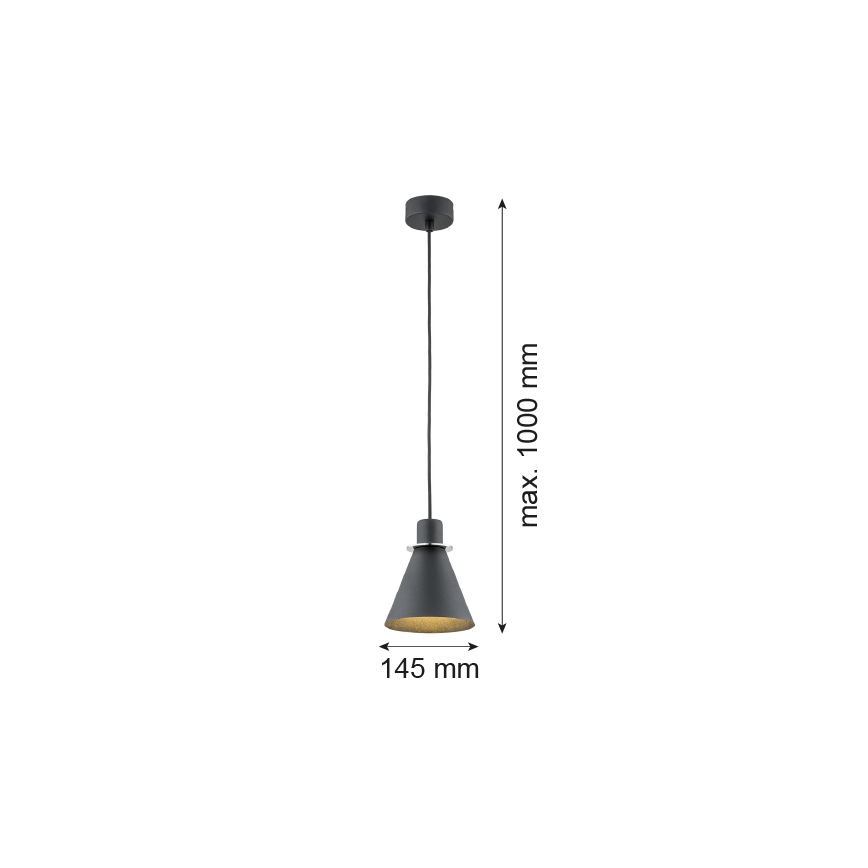 Argon 4688 - Pakabinamas sietynas BEVERLY 1xE27/15W/230V juodas/blizgus chromas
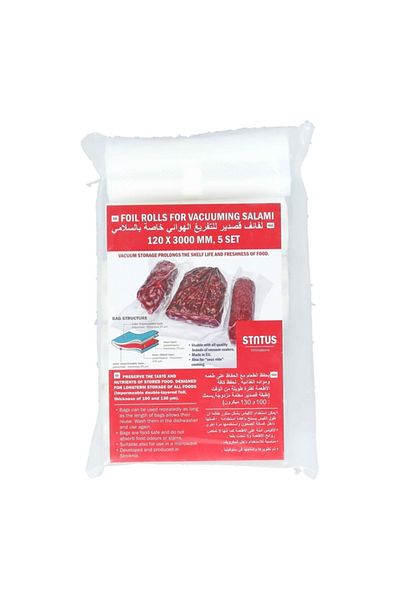 Status 5-Piece Foil Rolls for Salami 12 x 3 cm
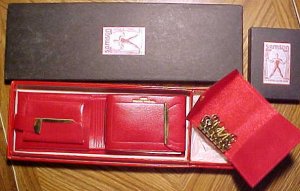 Early 1960's Samson Top Grain Red Cowhide Wallet & Key Holder, unused - MIB
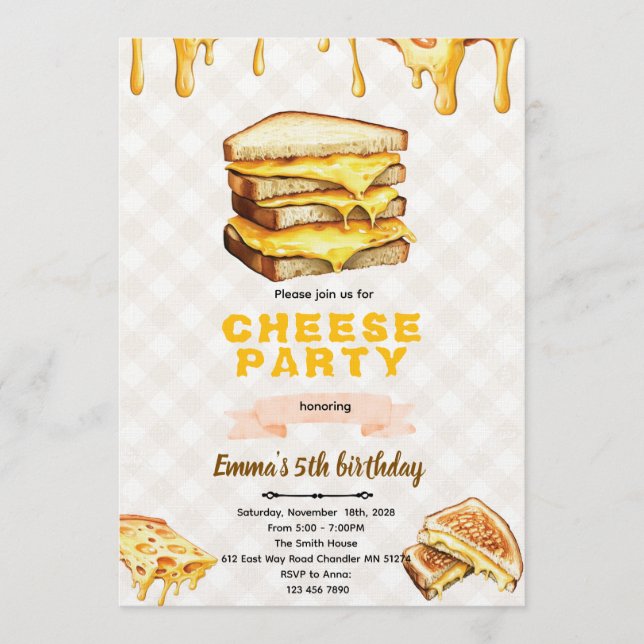 Invitation à une fête d'anniversaire au fromage gr (Devant)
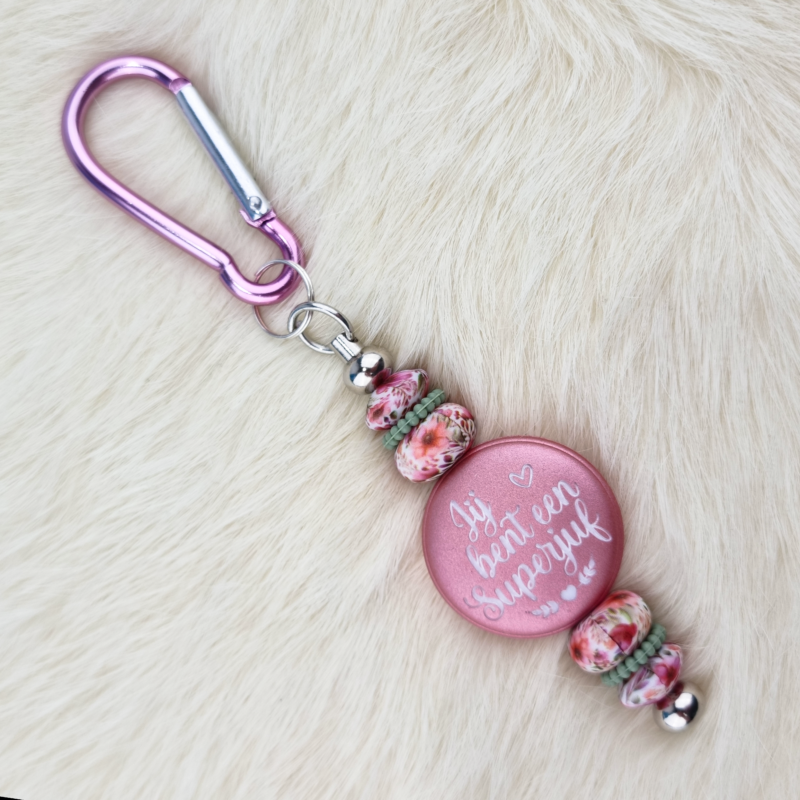 DIY Karabijn Bijou de sac / Porte-cl&eacute;s - Coquelicot Super Juf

*What the task asks*.
Exactly the lines from the line with "Early 1960's Samson" through the last line of the listing, both included, should be extracted, and the pictures left behind.

*Task response*.
 Early 1960's Samson Top Grain Red Cowhide Wallet & Key Holder, unused - MIB
 Invitation à une fête d'anniversaire au fromage gr (Devant)
 DIY Karabijn Bijou de sac / Porte-cl&eacute;s - Coquelicot Super Juf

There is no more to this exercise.